Everything was gone. Our family pets, our guns, our stored food, our library of books on survival, prepping and homesteading, our tools and equipment, our supplies, our rabbits & chickens, our RV, convertible and utility vehicles, our buildings, our retreat . . . . worst of all was that it was woefully under-insured. It was determined by the fire chief to have started from an electrical short in the unused bunk house. This was something we never anticipated or planned for. For me, my faith helped me deal with the loss, but it was not so easy for my family. However, we all committed to start over. As the basement foundation was still intact, it would be possible to rebuild, and we still had our home in the suburbs. We moved two small travel trailers onto the property to live in while rebuilding. We rebuilt the 35 x 35 garage on the same slab, and resumed raising rabbits and chickens on the weekends.

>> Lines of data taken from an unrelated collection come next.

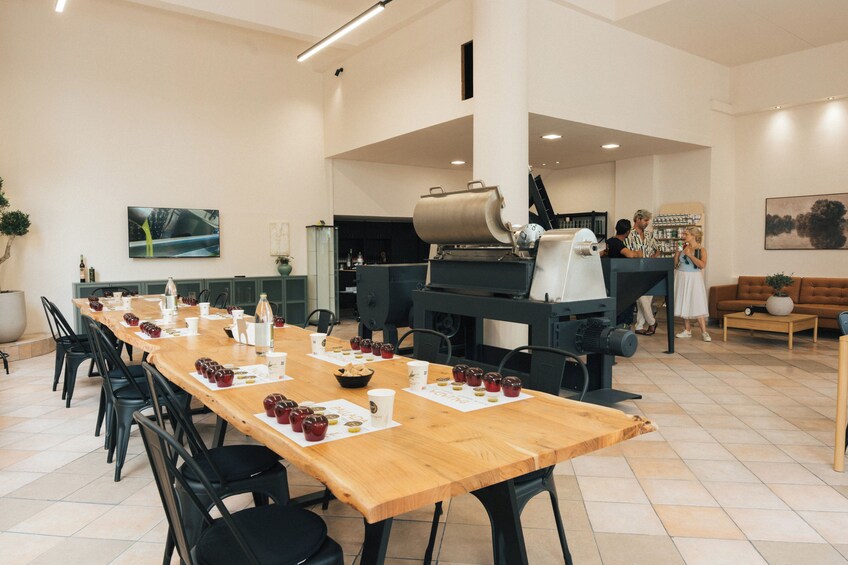 Athens: Guided Olive Oil Tour with Tasting & Snacks 4
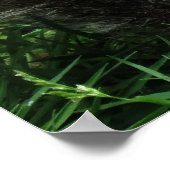 Nutty squirrel Closeup Poster (Ecke)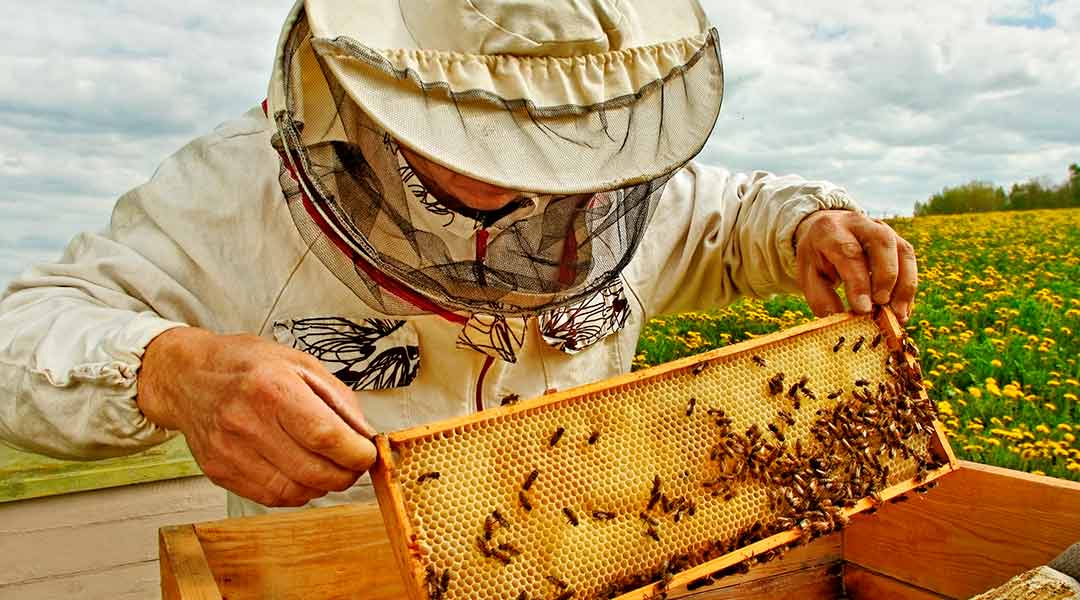 Cómo Se Recolecta La Miel De La Colmena Maes Honey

Lightening sometimes does strike twice

Eight months later while I was driving home with my youngest back from our retreat, I got a call from my wife “The house is on fire. Click.” I arrived home to see fire engines and hoses and neighbors and lights, and I felt weak until I saw my wife and our family safe on the lawn across the street. Our house had been saved but the attached garage and everything inside it was burned, although the master bedroom above it was damaged from fire, smoke and water. Again, it was started from an electrical malfunction in the ballast of the old fluorescent light over my workbench. We spent the next 13 months moving between a rental house, an apartment, and our trailer until our home was restored. Thankfully, we were well insured this time.

Lessons learned

Five months ago, we found another property about a mile from our original retreat. It is an old farm on 40 acres. In many ways it is better than our first retreat as it has a barn, a great chicken coop, a woodworking shop, several usable outbuildings (one of which I hope to turn into my gunsmith shop), a deep well with great quality water, 3 fenced pastures, a horse training arena, two ponds, three hunting stands. It is also adequately insured. A plus is that it has a mobile home pad with all the hookups. I’ve already bagged my second deer, and we’ve got around 100 chickens, ducks and turkeys. Unfortunately, it’s also on a well-traveled 2 lane state highway, and the house sits fairly close to the road. We plan to take advantage of that “negative” by turning the arena into a market garden, and setting up a vegetable stand for extra income.

We have again started rebuilding our prepping supplies, food storage, firearms, equipment, tools and resources. I now am very aware that any electrical defects or questionable or aging wiring or fixtures need to be addressed immediately. We know what we can now live without if we have to. We know that we should not put all our eggs in one basket, unless it’s from the chickens – splitting our supplies between our suburban home and our country retreat gives us a better sense of prepping for in-place and bug out situations. We learned that we can always start over from right where we are, no matter the past or current circumstances. Who needs TEOTWAWKI movies when we’ve lived through it? Through all our challenges, we have held onto our purpose and our hope. Our family is closer as we have worked together to restore our interrupted prepping/homesteading life, and my wife and I can again begin planning for retirement.